* Saved entries
[Start of Attachment]
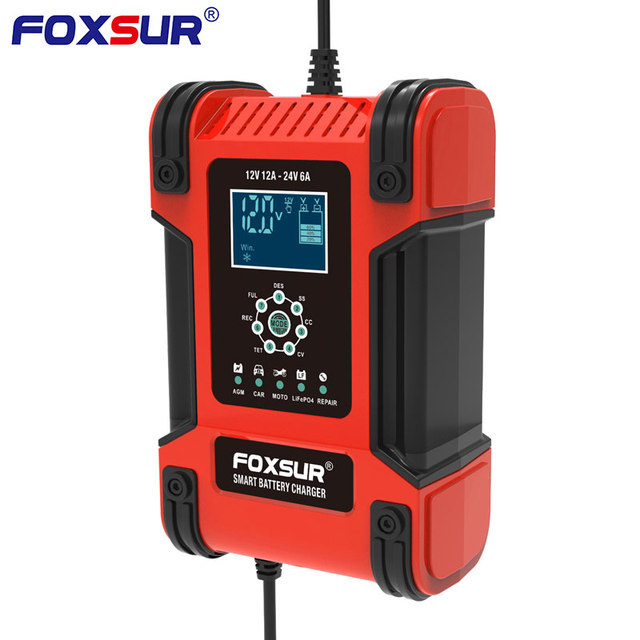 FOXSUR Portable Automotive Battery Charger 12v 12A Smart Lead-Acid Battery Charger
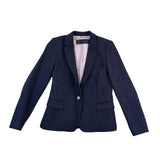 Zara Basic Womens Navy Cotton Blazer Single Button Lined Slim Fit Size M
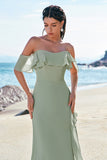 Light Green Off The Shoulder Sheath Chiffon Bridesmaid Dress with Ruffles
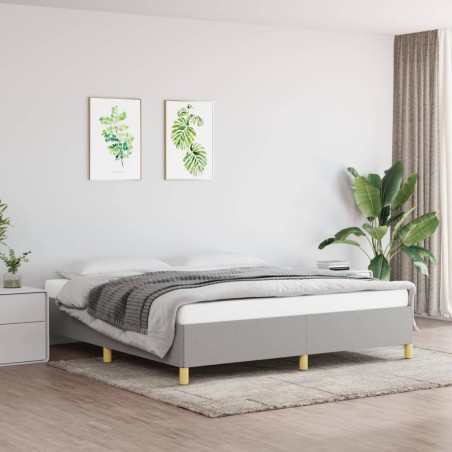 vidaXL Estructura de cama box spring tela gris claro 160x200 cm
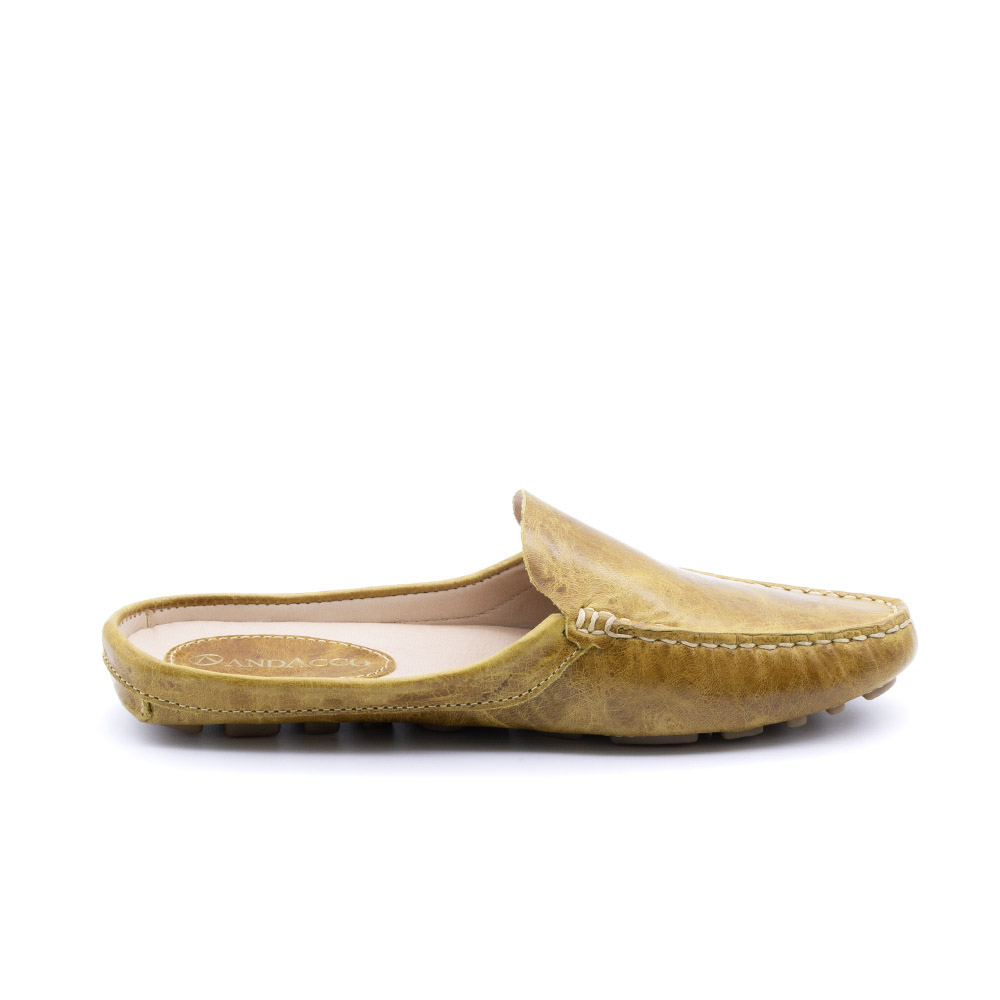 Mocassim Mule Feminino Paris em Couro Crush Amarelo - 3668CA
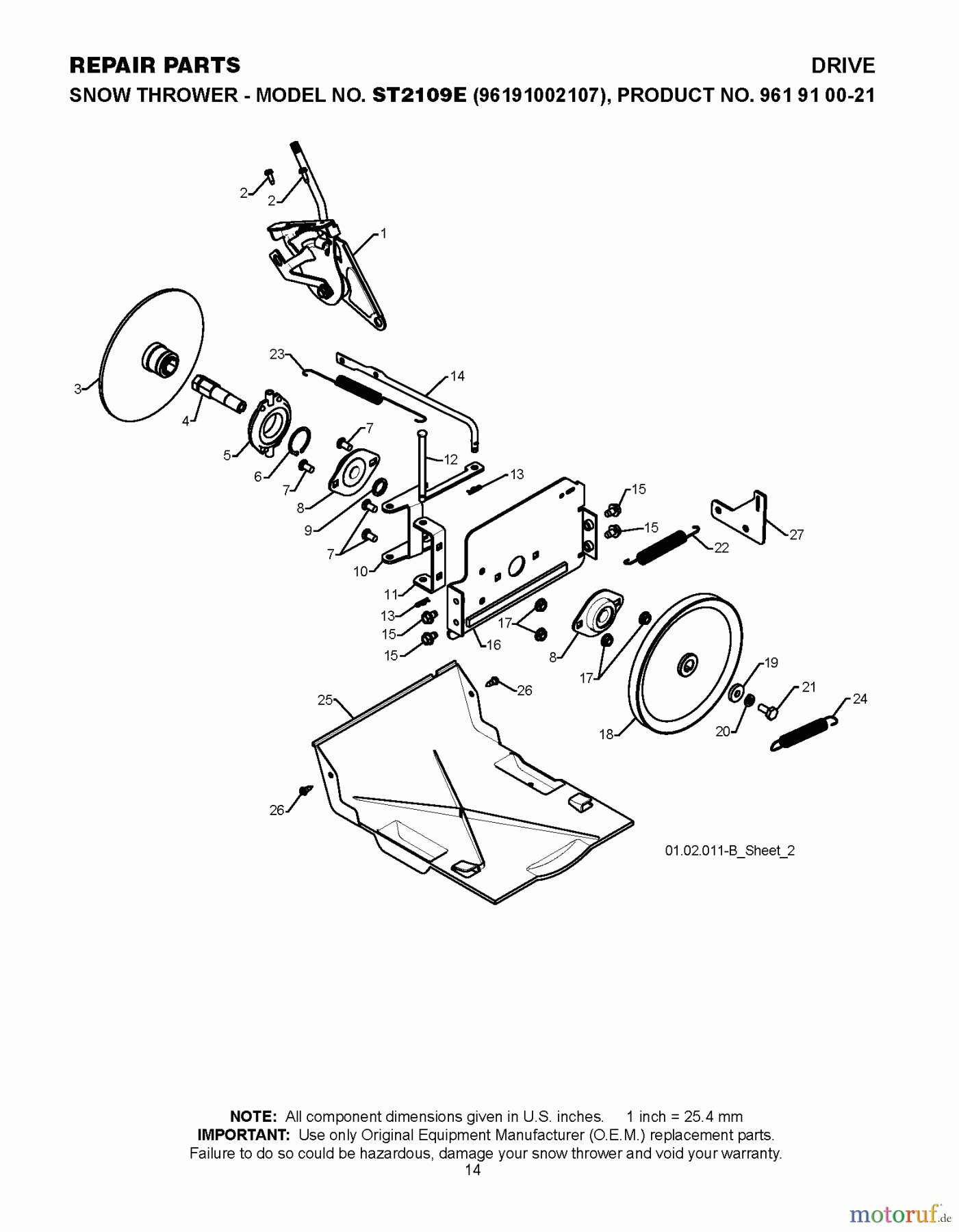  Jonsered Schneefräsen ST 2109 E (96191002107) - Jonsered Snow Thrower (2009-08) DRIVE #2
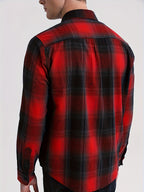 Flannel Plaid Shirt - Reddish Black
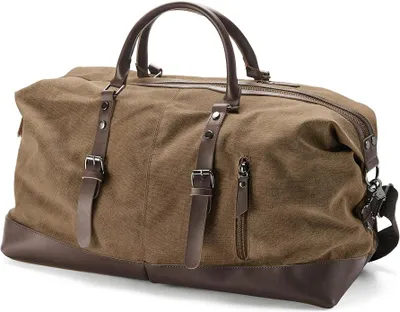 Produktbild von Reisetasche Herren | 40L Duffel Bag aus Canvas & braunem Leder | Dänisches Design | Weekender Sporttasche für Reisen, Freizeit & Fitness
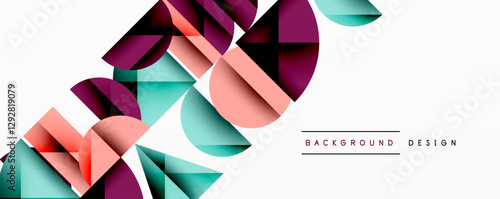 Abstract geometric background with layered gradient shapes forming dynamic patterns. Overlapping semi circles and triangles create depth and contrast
[End of Attachment]
Give back every entry word for word, and drop the pictures as you go.

* PROBLEM SOLUTION
 FOXSUR Portable Automotive Battery Charger 12v 12A Smart Lead-Acid Battery Charger
 Zara Basic Womens Navy Cotton Blazer Single Button Lined Slim Fit Size M
 Light Green Off The Shoulder Sheath Chiffon Bridesmaid Dress with Ruffles
 vidaXL Estructura de cama box spring tela gris claro 160x200 cm
 Mocassim Mule Feminino Paris em Couro Crush Amarelo - 3668CA
  Jonsered Schneefräsen ST 2109 E (96191002107) - Jonsered Snow Thrower (2009-08) DRIVE #2
 Flannel Plaid Shirt - Reddish Black
 Produktbild von Reisetasche Herren | 40L Duffel Bag aus Canvas & braunem Leder | Dänisches Design | Weekender Sporttasche für Reisen, Freizeit & Fitness
 Abstract geometric background with layered gradient shapes forming dynamic patterns. Overlapping semi circles and triangles create depth and contrast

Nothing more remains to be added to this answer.